Sorry, I have a hard time to understand your example. Where are you passing the data loader in the first-place? It doesn't seem to be used anywhere.
ahh I removed that line while trying to remove some commented out code. It should make sense now,using it right after I load the dataloader
I am getting ValueError: bad value(s) in fds_to_keep
when running your script.
let me try re-running, can you tell me the line number/reference line? I don't see fds_to_keep
in the code.
If its from the loadSingle_PytorchGeom function, I am not using it for this run
Got it. For datasetCl
, the script works for me (except for some dtype
issue since model
is moved to torch.double
). Which PyTorch lightning version are you using?

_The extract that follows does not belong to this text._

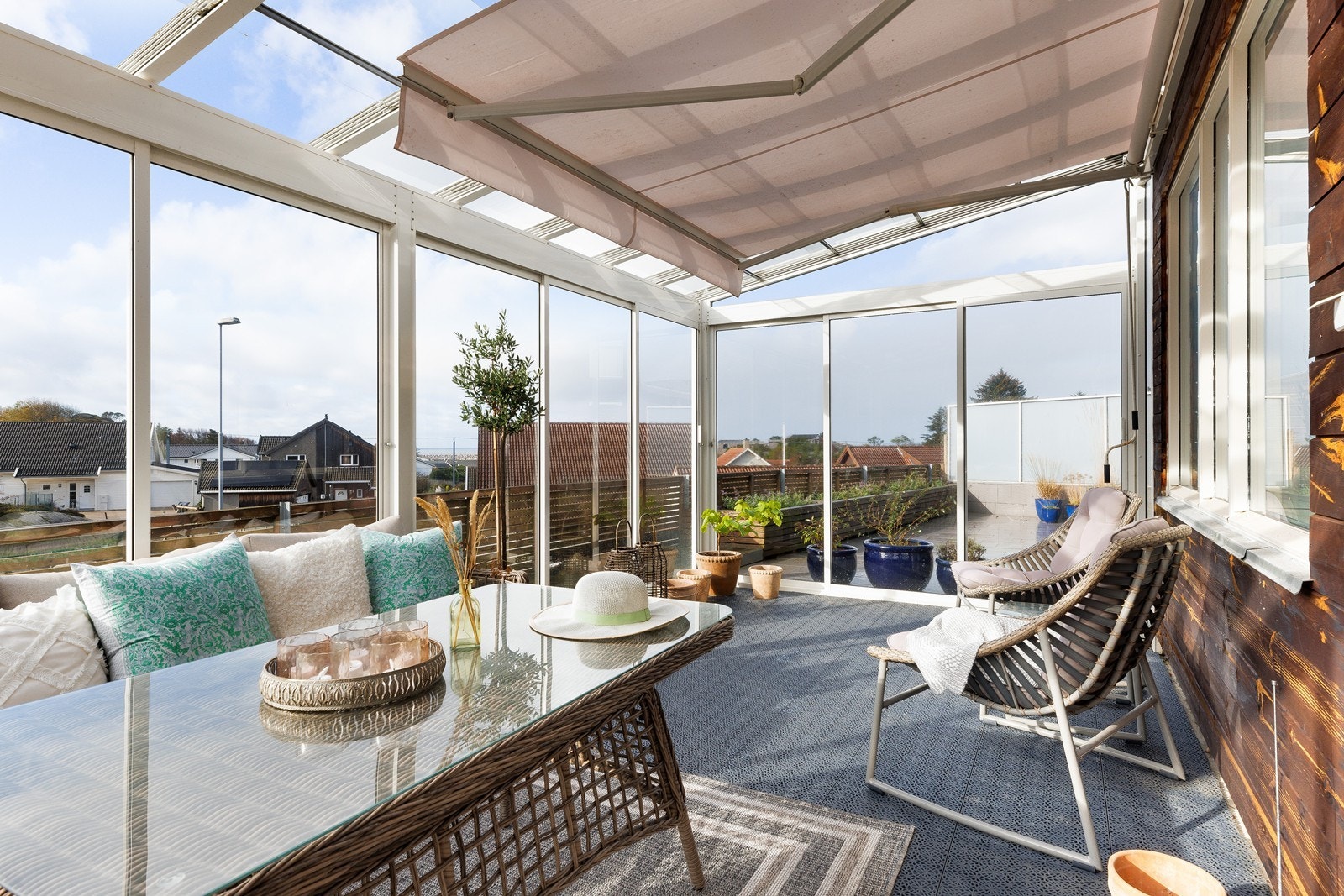 Her sitter man fin til skjermet for vind og innsyn. Galleribilde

I am not using pytorch lightning for my code. I can if it is recommended. I was looking to optimize the dataloading part since i have a large amount of data and that is my current bottleneck. Here are my torchgeometric and pytorch versions:
torch-geometric==2.3.1
torch==2.1.1
I am not using pytorch lightning for my code.

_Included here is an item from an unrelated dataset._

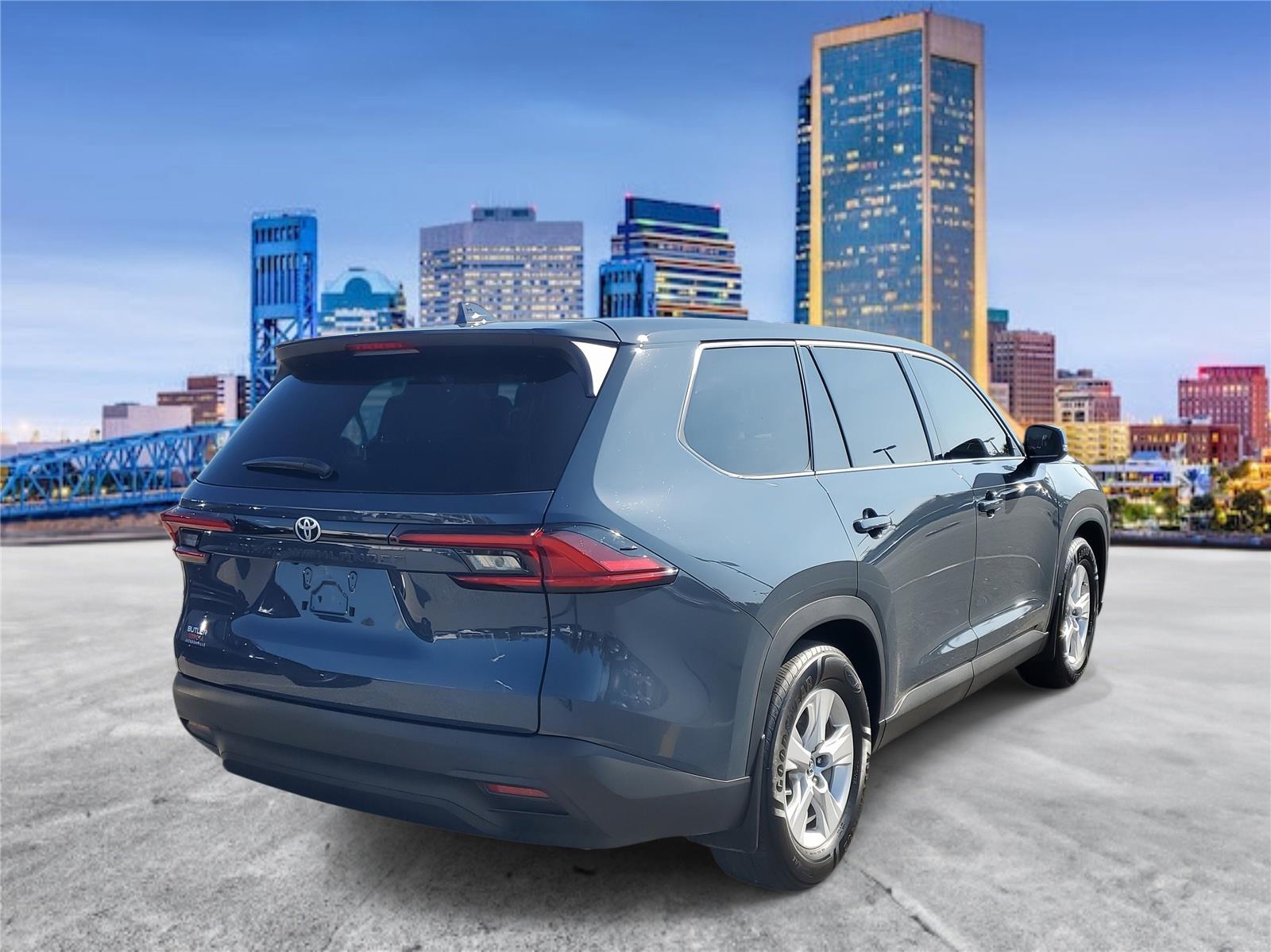 2025 Toyota Grand Highlander LE photo 3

Yeah, sorry. I misread. Since I am not able to reproduce, I am not so sure what's the issue here. Can you confirm that it is picking up the PyG DataLoader
rather than the one coming from torch.utils.data.DataLoader
?
yes indeed! here are the relevant lines:
from torch_geometric.loader import DataLoader as GDL
ptr = GDL(train_pair_graph, batch_size=batch_size, sampler=DistributedSampler(train_pair_graph))
so far my train_pair_graph is a list. it works for length 1000 but I have >5000 elements in train_pair_graph, am getting an error:
RuntimeError: unable to mmap 1480 bytes from file </torch_1_1816571983_62963>: Cannot allocate memory (12)
Please help with the dataloading, I thought the code ran on your end, what seems to be the issue now?
This looks like you are running out of shared memory.